On a cold, dark evening at the FedEx Institute of Technology, Memphis Data Professionals convened students, analysts, and Power BI learners for a practical working session titled “Copilot in Power BI: Rule Your Analytics Workflow.” The focus was not on what AI promises, but on how Copilot actually behaves inside real analytics workflows. What Copilot can reliably do today, where it needs human judgment, and how teams should prepare their data to get value from it.
The room reflected a familiar cross-section of the local data community: University of Memphis students seated beside working analysts and local professionals conversing over hot pizza (a Memphis tech tradition).
Session Highlights & Project Takeaways
Copilot as a Foundation, Not a Finish Line

Guest speaker DeNisha Malone grounded the room with a simple truth: Copilot is most valuable as a starting point. Through live, end‑to‑end demos, she showed how quickly Copilot can scaffold visuals, generate report pages, and reduce setup friction. While making it clear that interpretation, refinement, and decision-making still belong to analysts.
It was a message that resonated with a room full of practitioners who know speed only matters when accuracy follows.
Prompt Quality and the “Middle Ground”

One of the most practical lessons centered on prompt design. Malone emphasized that Copilot performs best when prompts avoid extremes, neither vague nor overloaded with instructions. Clear intent paired with structured data produced the most usable results, reinforcing that AI effectiveness is closely tied to human clarity.
Data Hygiene: The Real Prerequisite

Before anyone could lean on AI, Malone brought the room back to fundamentals:
Clean, labeled fields
Standardized values
Star schema modeling
Disciplined data prep
Copilot mirrored whatever structure it was given, good or bad. The takeaway was unmistakable: AI doesn’t replace foundational analytics work. It amplifies it.
From Questions to Full Report Pages
A standout moment came when Malone asked Copilot to generate entire report pages from existing data.

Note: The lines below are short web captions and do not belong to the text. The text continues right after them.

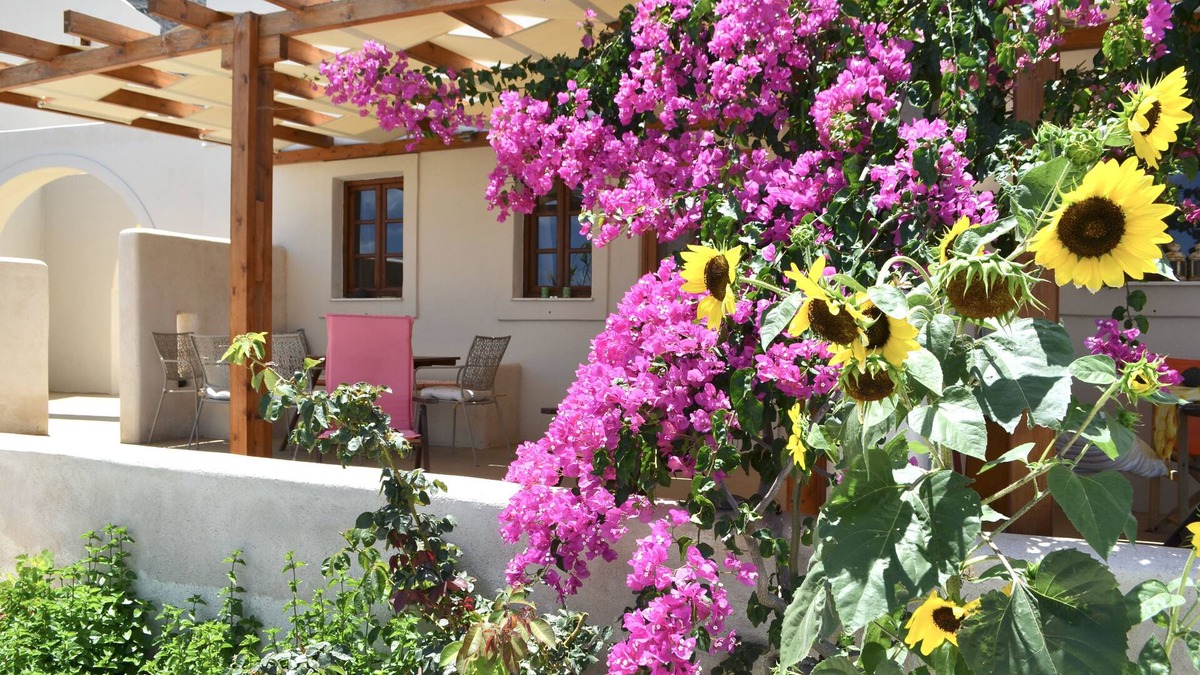 Imerovigli House | Cactus hideaway with sea views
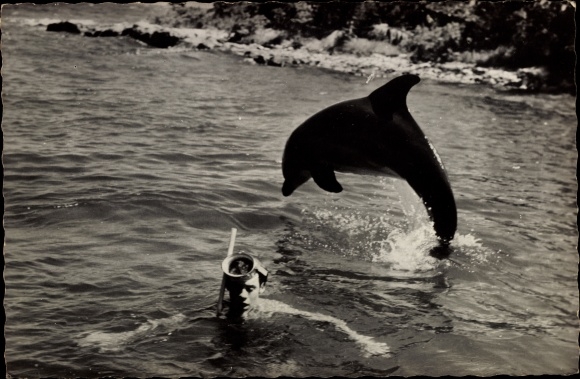 Postcard Actor, Delphin Flipper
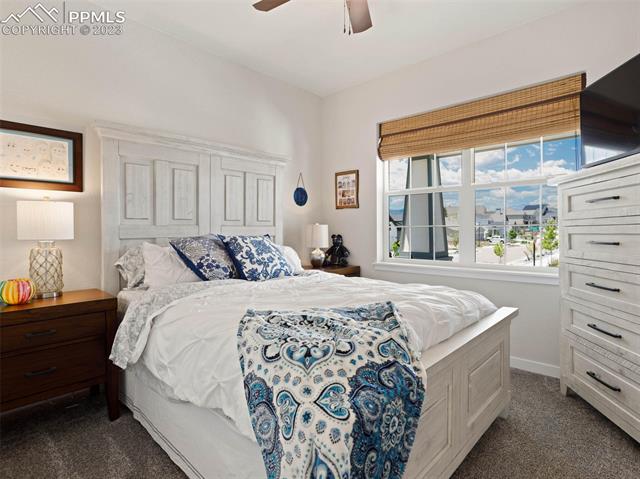 1919 Ruffino Drive Colorado Springs, CO 80921 - Photo 14 of 50 Gallery Image 14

Within seconds, visuals, filters, and written insights appeared. This was followed by live edits that showed how analysts can shape AI‑generated work into something usable.
The room leaned in as Copilot generated DAX expressions on the fly, turning abstract capability into something tangible.
Trust, Hallucinations, and Saying “I Don’t Know”
When an attendee asked about hallucinations, the conversation shifted toward trust. Malone demonstrated how Copilot often responds with “I don’t know” when context is missing. A behavior that drew nods across the room. She walked through Verified Answers and Prep Data for AI, sparking a thoughtful discussion about when AI summaries help and when human review becomes non‑negotiable.
Teaching by Showing, Not Telling

Rather than slide-heavy explanations, Malone answered most questions by building solutions live. When questions extended beyond the session’s scope, she acknowledged the limits and invited follow-up conversations afterward. This “show and tell” approach felt grounded, generous, and deeply community‑oriented. It allowed participants to see complete workflows, from raw data to finished insight.
A Community That Compounds


Before the demos even began, the room buzzed with familiar Memphis energy: people catching up on family news, comparing holiday stories, and sharing what they hoped to learn next. It was a reminder that these gatherings aren’t just technical meetups. They’re continuity.
Malone’s own story, from University of Memphis student to SQL Saturday learner to Microsoft program manager, underscored how local communities build careers over time. She closed by pointing attendees toward the Power BI Women group, the Fabric Community, and Microsoft learning resources, offering clear next steps for anyone ready to keep growing.
Resources:
Closing Reflection
What distinguished this session was not just the tooling on display, but the way the room treated learning as a shared responsibility. People arrived prepared, asked detailed questions, and stayed present through live problem-solving rather than polished conclusions.
In a space that felt organized, welcoming, and intentionally set up for work, the takeaway was clear. Memphis’ data community is less interested in chasing AI trends than in understanding how new tools earn their place: one workflow, one question, and one shared lesson at a time.